Exaggerated accents from my area are associated with “still smells like the donkey he rode on in” (aka country bumpkin) in Spain; as well as the actors exaggerating, the local accents have become less pronounced in general thanks to mass media, but the reason I generally avoid my local accent and dialect is understandability.
I think it is important to differentiate the two underlined terms. Dialect is word choice, it means that not everybody understands “pop” to mean “those gassy drinks”; accent means differences in pronunciation of the same terms or sentences (do you say the second t in twenty, or not?; how do you stress your sentences?).
I grew up in a rural Southern town, but never really had all that much of the local accent–mine was mostly a sort of neutral Midwestern/newscaster accent with bits of other stuff mashed in almost at random. I’m kind of a natural mimic, so I often sounded like whoever I’d recently been watching on TV, and pieces of all those “voices” stuck.
I eventually learned to switch on a bit of the regional dialect and accent to make people more comfortable. I still do it when it seems appropriate.
I have a Deaf accent. Think Marlee Matlin or Heather Whitestone …LOL I remember VIVIDLY when she was crowned Miss America, I went to school the next day, and everyone was all " Hey About, Miss America talks just like you do!"

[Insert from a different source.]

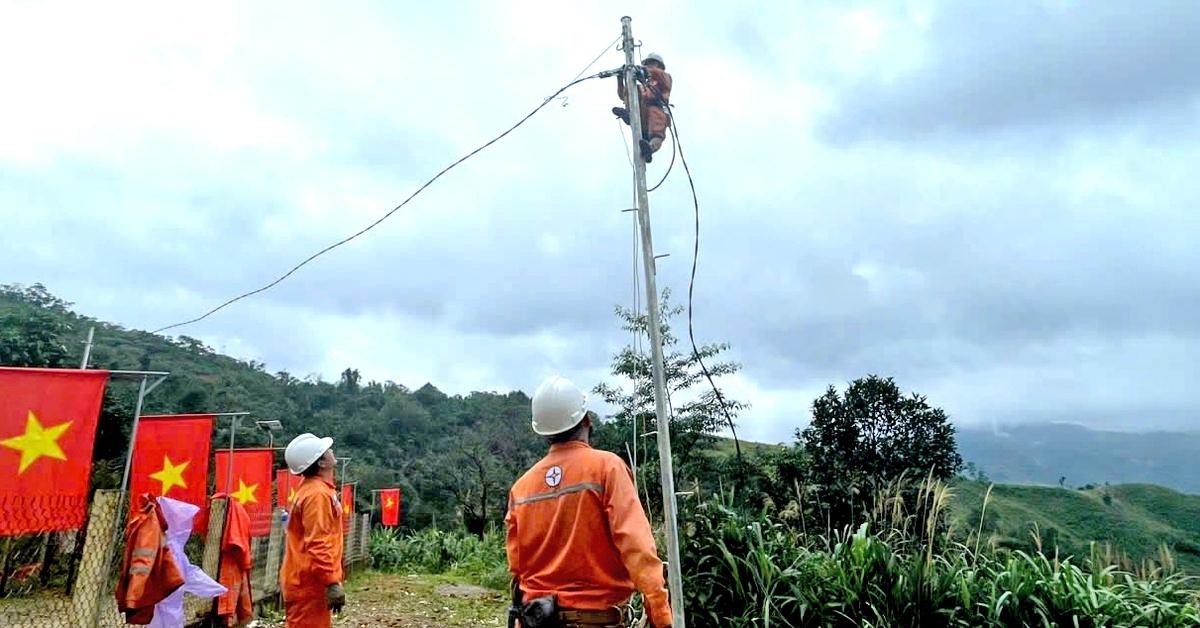 Công nhân ngành điện thi công đường dây tại xã Trà Leng, thành phố Đà Nẵng. Ảnh: Tuổi Trẻ.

Oh, hell yes. I took voice lessons to get rid of my Southern accent. Could not ditch it fast enough.
As a consequence I sound like anybody I talk to for more than 10 minutes. My current accent is standard American crossed with Australian, and Australian is winning.
I have a broad regional accent of the general Pennsylvania-Maryland-Northern Virginia “mid-Atlantic” variety and I don’t mind that. I do, however, disavow anything remotely like a Pittsburgh accent or the local patois known as Pittsburghese. It sounds even more uneducated, grating, obnoxious and declasse than the deepest, darkest southern accent ever could. When I hear little signs of it creeping in (typically when I spend too much time around people who have it) I work diligently to train it right back out. No thank you.

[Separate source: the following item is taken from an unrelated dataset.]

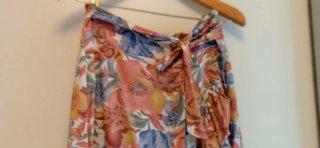Falda midi floral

Good point; I also ditched some of the more regional dialect as well. However, not only did I hold onto saying “soda” when moving into a heavily “pop” region, I also got my husband to start preferentially saying it as well.
I haven’t disavowed anything. I grew up in Indiana, and for most of my life I sounded like a midwesterner. After moving to North Carolina, I started to edge a bit into Southern.
Now I live in Maryland, and I’ve reverted to midwest. NC was fun, for lots of wrong and right reasons.
I’m originally from Birmingham (the British one) which, in most polls on the subject, is generally voted the least attractive accent in the UK and although my accent was never strong, I have made some effort to move as far away from it as I can. So I’m now sort of blandly RP with the odd Brummie word thrown in.
If you want to know what the Brummie (Birmingham) accent is, listen to Ozzie Osbourne.
I lived in greater NYC for a long time (transplanted Iowan, accent mostly intact but with the edges worn smooth.) As a result, I notice NYC accents. It’s my observation, FWIW, that fewer New Yorkers lose their accents in the process of education or social mobility.
Especially among scholars, activists, and people in arts and letters, those diphthongs, adenoids and inflections seem to carry the authenticity and intensity that we associate with New Yorkers. Watch BookTV on C SPAN, or listen to NPR sometime, and you’ll hear more New York voices than any other identifiable regional speech. It’s become the sound of American intellect.
I see no reason to get rid of my southern accent. If someone else is stupid enough to assume I’m uneducated because I have a bit of a twang, that’s their problem.